■ WHAT YOU NEED TO DO: Please, without any pictures, set down exactly the part of the listing below that opens with the line containing "Polyester Autoclave and" and closes with the line containing "Camisa da Seleção".

■ MATERIAL SUPPLIED:
····················
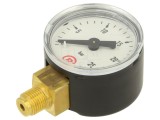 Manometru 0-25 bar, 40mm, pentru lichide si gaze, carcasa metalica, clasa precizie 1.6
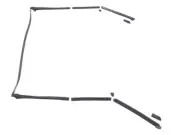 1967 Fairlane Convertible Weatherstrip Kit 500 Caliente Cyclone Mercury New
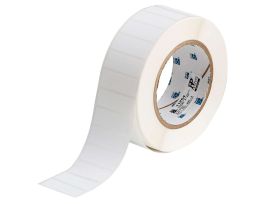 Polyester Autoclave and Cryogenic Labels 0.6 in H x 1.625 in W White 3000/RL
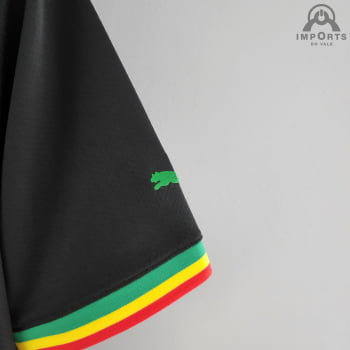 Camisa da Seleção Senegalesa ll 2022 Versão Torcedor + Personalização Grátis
····················
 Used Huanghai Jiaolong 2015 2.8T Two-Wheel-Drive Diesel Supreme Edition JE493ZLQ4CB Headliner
····················
■ ANSWER SPACE:
 Polyester Autoclave and Cryogenic Labels 0.6 in H x 1.625 in W White 3000/RL
 Camisa da Seleção Senegalesa ll 2022 Versão Torcedor + Personalização Grátis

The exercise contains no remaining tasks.